Imposition mondiale à 15% et répartition équitable des profits… ça va rapporter ou coûter à la France ?
La réunion du G7 de Londres a vu l’accord de principe des pays participants (France, Royaume-Uni, Allemagne, Italie, Japon, Etats-Unis, Canada) pour la mise en place d’un impôt sur les sociétés minimum mondial à hauteur de 15%, au moins. Presque immédiatement, Bruno Le Maire, ministre des Finances, a indiqué que la France essaierait « d’avoir un taux plus ambitieux ». Reste que pour que l’accord puisse avoir une portée véritablement « mondiale », il faudra d’abord réussir à s’entendre sur la question, au G20 de Venise du 10 juillet prochain, avec des partenaires aussi réfractaires que la Chine, la Russie, l’Arabie Saoudite ou la Turquie. Il faudra ensuite convaincre l’ensemble des 139 pays partenaires de l’initiative BEPS (Lutte contre l’érosion des bases fiscales) dans l’enceinte de l’OCDE, dont l’Irlande (taux effectif marginal à 8,6%) et le Luxembourg (taux effectif marginal à 7,7%).
En réalité, deux dispositifs bien distincts sont en négociation :
- Le pilier n°1 qui vise à une répartition plus « équitable » des profits entre les « pays de siège » (là où sont implantés les structures faîtières des multinationales) et les « pays de marchés » (là où se réalise le chiffre d’affaires des entreprises). Sont concernées les entreprises réalisant plus de 20 milliards (de dollars) de chiffre d’affaires et disposant d’une marge bénéficiaire de plus de 10%. Le projet prévoit que la quotité supérieure à 10% soit taxée dans la limite de 20% au profit des pays où ces groupes opèrent ;
- Le pilier n°2 qui prévoit la mise en place d’un impôt minimum sur les bénéfices des sociétés d’au moins 15%, appliqué pays par pays pour les entreprises réalisant plus de 750 millions (d’euros cette fois) de chiffres d’affaires.

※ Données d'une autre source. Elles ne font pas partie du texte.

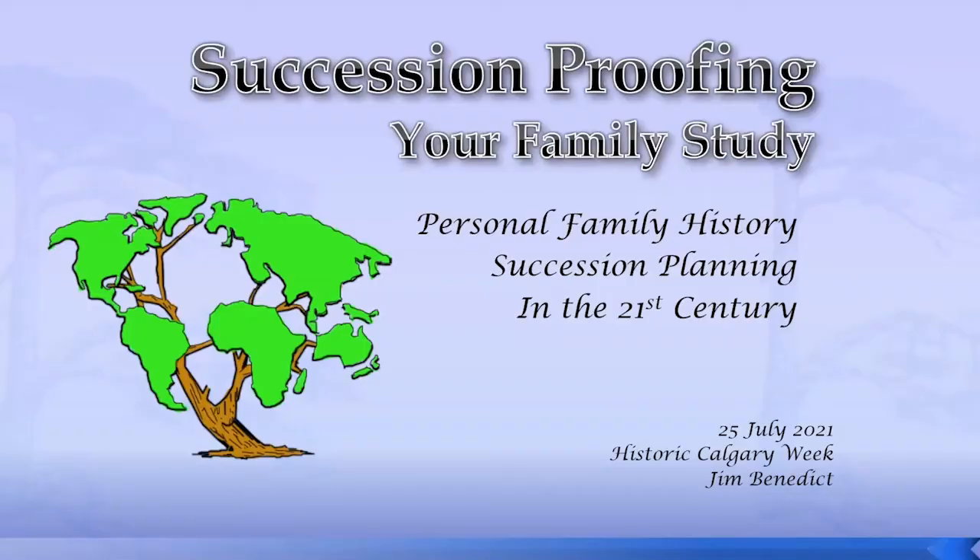Thank you very much, Sherry. This is a topic close to my heart: Succession Proofing of Your Family Study. I've done this presentation for a few other groups, and I'm very involved both with the local society, Alberta Family History Society, and with the Guild of One-Name Studies, assisting people in preserving the studies they've put together over many years. People have done it in various formats and places to store things.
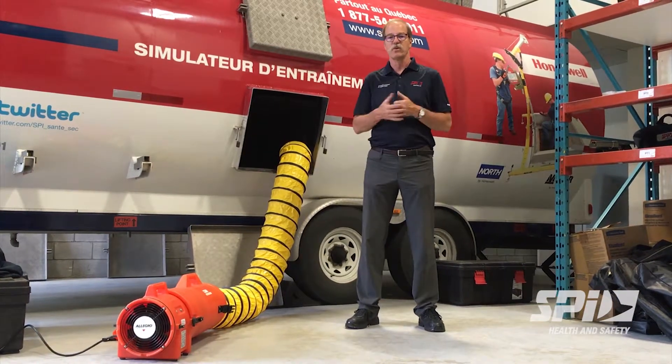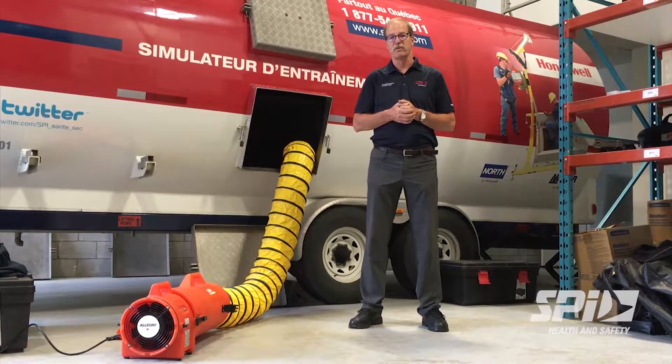So ventilation is one of the things that are absolutely recommended when working in confined space.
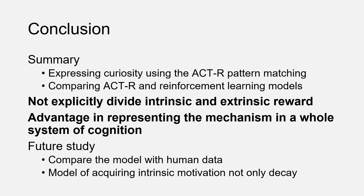Now I briefly summarize the talk. We expressed intrinsic motivation using ACT-R, assuming pattern matching as the source of intellectual curiosity. From the simulation results, our model shows an advantage in balancing intrinsic and extrinsic rewards. In our model, we did not explicitly divide these rewards into separate equations, but the effect of intrinsic motivation is naturally represented in the existing mechanism of ACT-R. We think this approach has an advantage in representing the mechanism within the whole system of cognition. In future study, we need to compare the model with human data, and also model the acquisition process of intrinsic motivation, not only the decaying process. That's it. Thank you for listening.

Si l’idée est, en partie, louable au nom de la justice fiscale, est-elle efficace en pratique ?
Tout d’abord, on doit constater qu’en l’état actuel du dispositif, la France n’y sera pas nécessairement gagnante… ni ses entreprises. Première chose, à ce jour, l’impact des mesures n’a pas été évaluée pour notre pays. S’il y a bien eu des évaluations de l’OCDE en octobre 2020, elles ne sont pas détaillées publiquement pays par pays. L’observatoire fiscal européen a, néanmoins, estimé que le pilier 2, pour un taux de 15%, représenterait un « gain » pour la France de 4,7 milliards d’euros : une estimation qui semble surévaluée d’autant plus qu’elle ne prend pas en compte l’impact du pilier n°1 sur les multinationales. Le risque que prend la France, c’est de pousser à un impôt mondial afin de mieux taxer les GAFAM mais « en même temps » de desservir ses propres grandes entreprises domestiques qui réalisent un chiffre d’affaires conséquent à l’étranger, principalement le secteur du luxe et de la cosmétique. Sur ce point, rien n’est encore certain en termes de pertes ou de gains pour nos finances publiques.
En second lieu et pour les entreprises elles-mêmes, le taux de 15% pourrait ne pas être un taux marginal mais un taux effectif d’imposition et cela devrait conduire à une charge administrative supplémentaire. En effet, la notion de taux effectif n’est pas fiscale, ni comptable, mais statistique, ce qui veut dire que des retraitements supplémentaires devraient être réalisés dans la consolidation des comptes afin de pouvoir identifier la matière imposable. De plus, si c’est le taux effectif (le moins biaisant) qui est retenu, il est fort probable que de nombreuses grandes entreprises françaises soient déjà à des taux inférieurs à ceux de 15%, dans certains pays du moins. Pour rappel, le taux effectif marginal moyen pour le France est d’environ 16% selon l’OCDE. En conséquence, ces dernières verront bien leur imposition augmenter.
Si tout n’est pas encore clair, on peut néanmoins déjà affirmer que, pour les entreprises, nous allons droit vers une nouvelle usine à gaz avec des coûts de compliance élevés et une forte insécurité juridique. Le risque est grand de jouer les apprentis sorciers fiscaux sans prendre le temps de mener des études d’impact sérieuses et, pour la France, de se tirer une balle dans le pied. Cela ne serait pas la première fois.